### Data provided
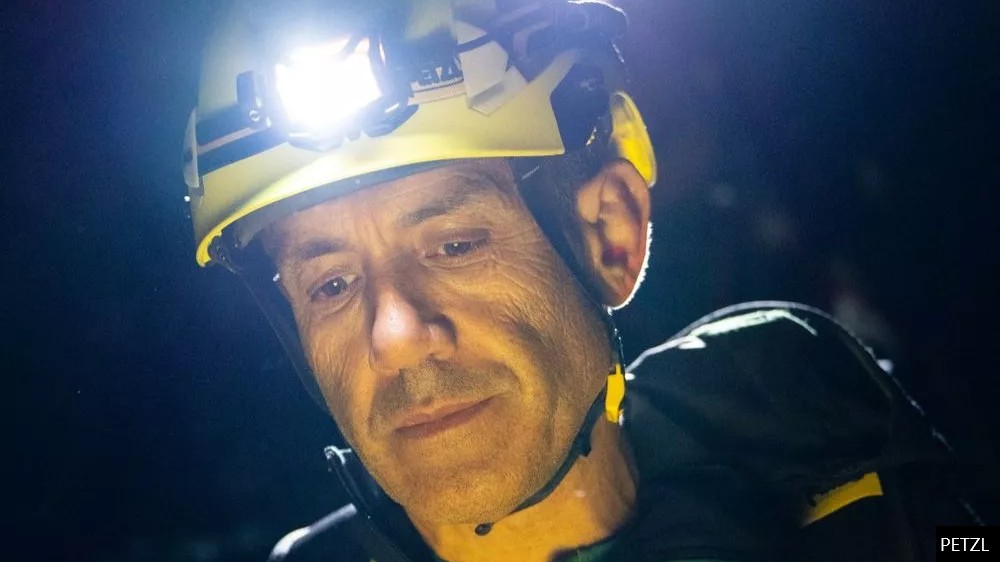 The Xena headlamp is impact resistant, waterproof and dustproof and features a rechargeable battery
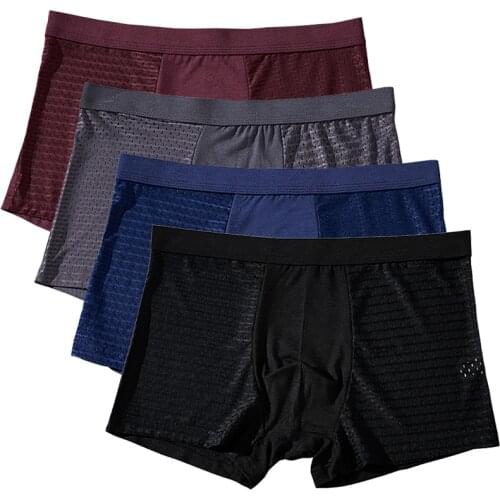 Мужские бамбуковые трусы Fleur Moda China At AliExpress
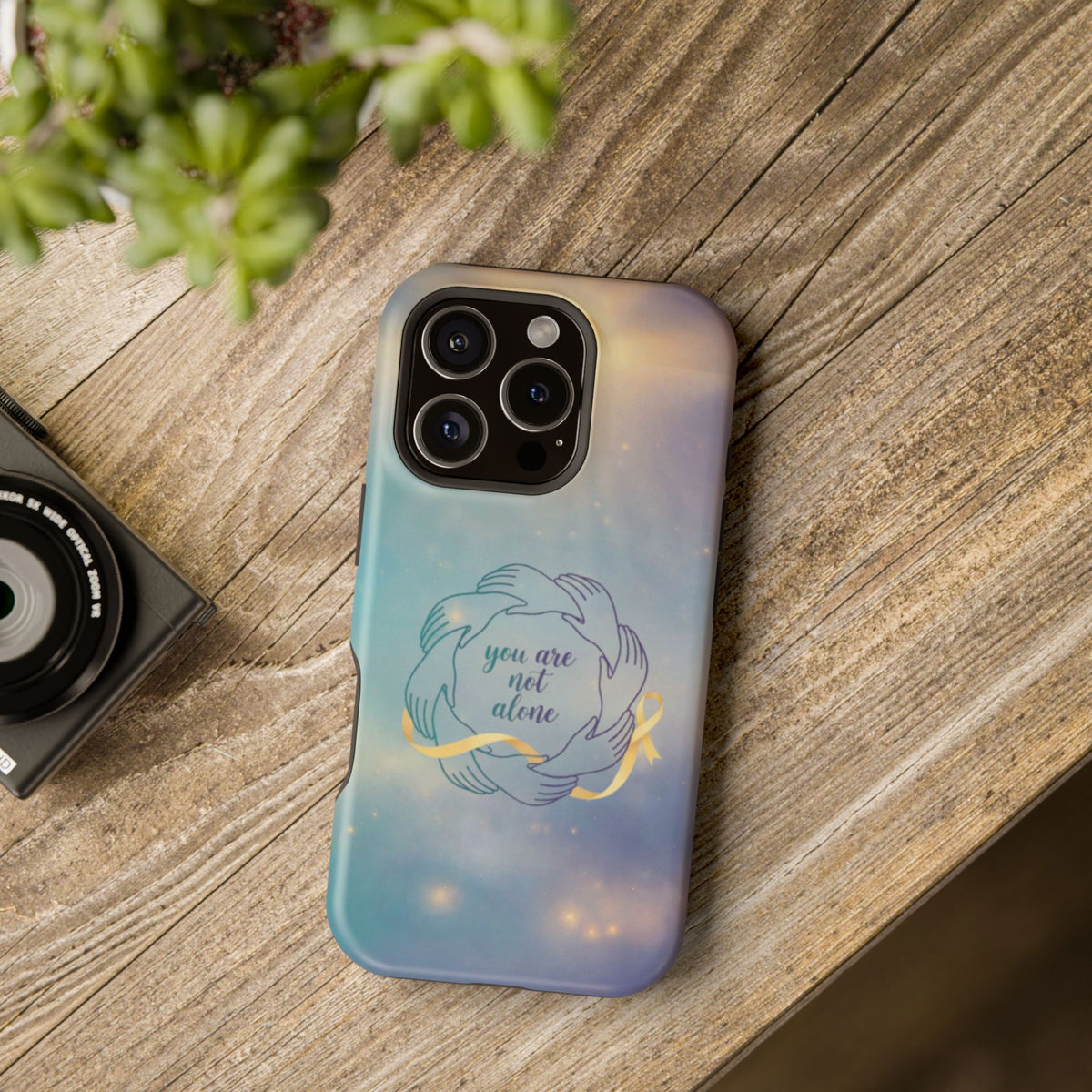 You Are Not Alone Magnetic Phone Case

### About this exercise
Give the data above back unchanged, except for the pictures.

### Answer space
 The Xena headlamp is impact resistant, waterproof and dustproof and features a rechargeable battery
 Мужские бамбуковые трусы Fleur Moda China At AliExpress
 You Are Not Alone Magnetic Phone Case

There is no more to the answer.